What Follows Benford's Law?

Follows: Populations, financial transactions, street addresses, river lengths, powers of 2, Fibonacci numbers, stock prices, earthquake magnitudes, file sizes on your computer.

Doesn't follow: Numbers assigned by humans (phone numbers, zip codes, ID numbers), numbers from a narrow range (test scores 0-100), truly uniform random numbers.

The key pattern: Benford's Law applies to data that spans many orders of magnitude (ones, tens, hundreds, thousands, etc.) and grows naturally.

Part 6

Catching a Liar

Here's where it gets exciting. When people make up numbers — to fake financial records, cheat on taxes, or fabricate research — they usually pick digits roughly equally. They don't know about Benford's Law. And that's how they get caught.

Let's simulate this. We'll create "real" data and "fake" data, then see if our detector can tell the difference:

import random

def get_first_digit(n):
    return int(str(abs(n))[0])

def benford_score(numbers):
    """Return how well data matches Benford's Law (lower = better match)."""
    benford = {1: 30.1, 2: 17.6, 3: 12.5, 4: 9.7, 5: 7.9,
               6: 6.7, 7: 5.8, 8: 5.1, 9: 4.6}
    counts = {d: 0 for d in range(1, 10)}
    for n in numbers:
        if n == 0: continue
        counts[get_first_digit(n)] = counts[get_first_digit(n)] + 1
    total = sum(counts.values())
    deviation = 0
    for d in range(1, 10):
        observed = counts[d] / total * 100 if total > 0 else 0
        deviation = deviation + abs(observed - benford[d])
    return deviation

# REAL company expenses (follows Benford's — natural growth)
real_expenses = []
for i in range(300):
    # Real expenses span many magnitudes
    magnitude = random.choice([10, 100, 1000, 10000])
    expense = random.randint(1, 9) * magnitude + random.randint(0, magnitude - 1)
    real_expenses.append(expense)

# FAKE expenses (someone made them up — too uniform)
fake_expenses = []
for i in range(300):
    # Faker picks "realistic looking" numbers but distributes digits evenly
    fake_expenses.append(random.randint(100, 9999))

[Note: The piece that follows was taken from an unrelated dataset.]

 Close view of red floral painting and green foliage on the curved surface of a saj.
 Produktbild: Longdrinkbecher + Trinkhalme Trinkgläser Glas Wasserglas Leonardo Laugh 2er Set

print("🔍 FRAUD DETECTION CHALLENGE")
print("═" * 40)
print()
print("Two companies submitted expense reports.")
print("One is real. One is fabricated.")
print("Can Benford's Law tell them apart?")
print()

score_a = benford_score(real_expenses)
score_b = benford_score(fake_expenses)

# Randomize which is shown first
if random.choice([True, False]):
    real_expenses, fake_expenses = fake_expenses, real_expenses
    score_a, score_b = score_b, score_a

print(f"COMPANY A — Deviation from Benford: {score_a:.1f}%")
bar_a = "█" * int(score_a / 3)
print(f"  [{bar_a}]")
if score_a < 40:
    print(f"  ✅ Matches Benford's Law — looks legitimate")
else:
    print(f"  🚨 Doesn't match — SUSPICIOUS")

print()

print(f"COMPANY B — Deviation from Benford: {score_b:.1f}%")
bar_b = "█" * int(score_b / 3)
print(f"  [{bar_b}]")
if score_b < 40:
    print(f"  ✅ Matches Benford's Law — looks legitimate")
else:
    print(f"  🚨 Doesn't match — SUSPICIOUS")

print()
print("═" * 40)
print("The suspicious one has digits that are")
print("too evenly distributed — a sign of")
print("human-made numbers, not natural ones.")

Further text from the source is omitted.